Akupun mengangguk lagi karena memang hal itu yang aku pikirkan saat ini. Bisa rusak semua rencana-rencana indahku disini kalau aku sampai harus berhadapan dengan para fansnya yang freak itu. Namun yang aku dengar malah tawanya.
“Haha. Aira-ssi. Kau ini sungguh lucu” ucapnya masih tertawa.
Entah pemandangan apa ini. Untuk pertama kalinya aku melihat tawanya. Sama sekali tidak terlihat seperti mengejekku.
“Tidak ada yang seperti itu. Itu hanya di drama saja mungkin” lanjutnya telah kembali ke wajah coolnya.
“Oh, semoga saja begitu”
Obrolan sepanjang jalan akhirnya terhenti saat kami akhirnya sampai di depan pintu kedai. Iapun menyuruhku memilih tempat duduk kemudian langsung memesan minuman. Aku memilih duduk di bangku di sebelah kaca besar yang memberikanku pemandangan sebuah taman kota yang teduh karena penuh dengan pepohonan dan beberapa bangku taman. Terlihat beberapa siswi dari sekolahku sedang duduk disana. Beberapa bersama pasangan mereka.

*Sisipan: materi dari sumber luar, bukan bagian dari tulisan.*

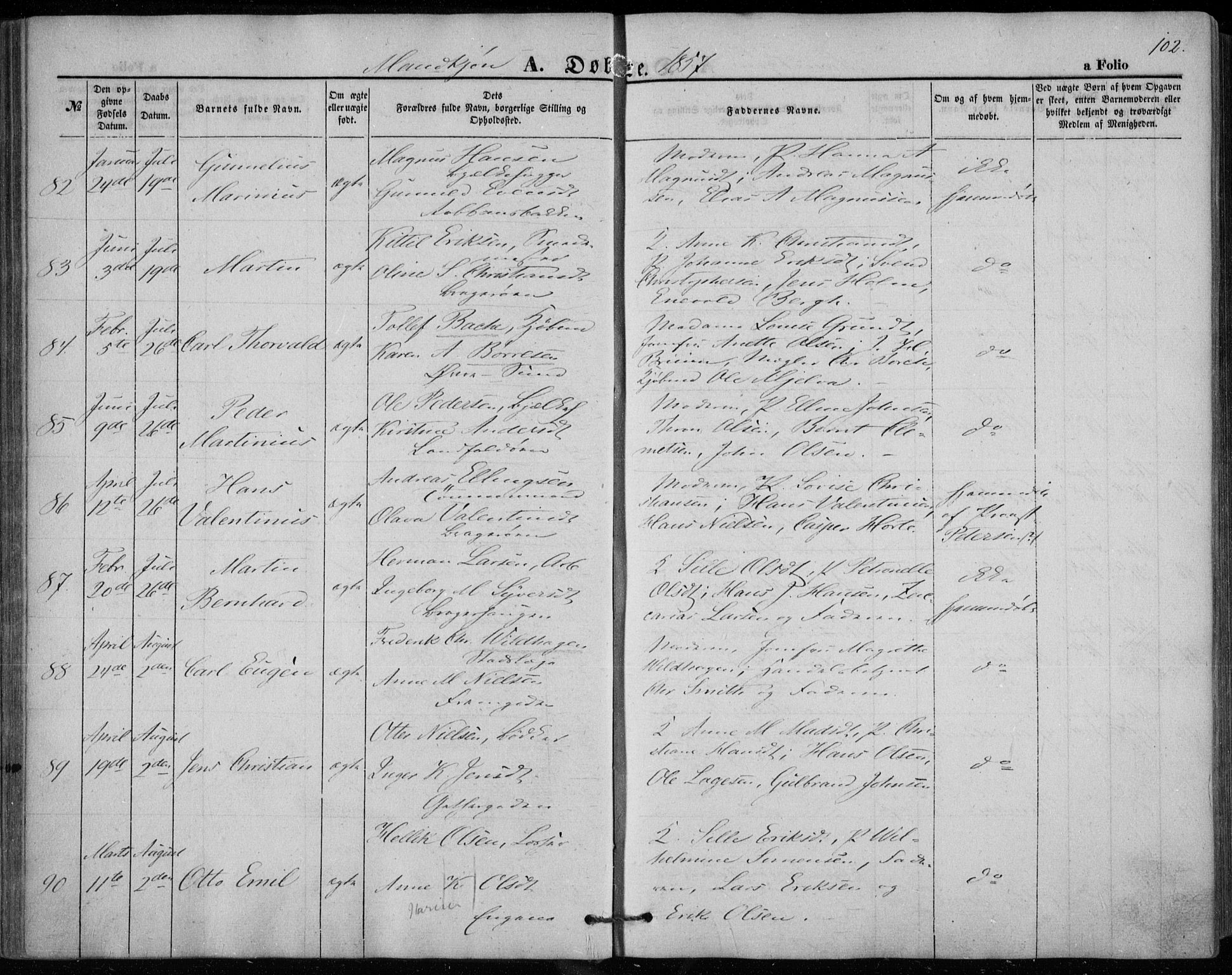 Bragernes kirkebøker, SAKO/A-6/F/Fb/L0002: Parish register (official) no. II 2, 1848-1859, p. 102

Apa jangan-jangan mereka sedang mengikuti kami? tanyaku dalam hati. Akupun menggeleng-geleng, menolak semua pikiran buruk itu. “Aku harap semuanya hanya pikiranku saja” lanjutku masih bergumam dalam hati.
“Ada apa?” tanyanya mengagetkanku.
“Tidak ada apa-apa, Oppa”
(Sehun POV)
“Tidak ada apa-apa, Oppa” katanya saat kutanya kenapa ia menggeleng-gelengkan kepala. There is butterfly on my stomach. Itulah yang aku rasakan saat mendengarnya memanggilku Oppa berkali-kali. Senang. Senang? Kenapa aku harus merasa senang?
“Ini untukkmu” kataku sambil memberikan satu gelas Iced Moccachino padanya.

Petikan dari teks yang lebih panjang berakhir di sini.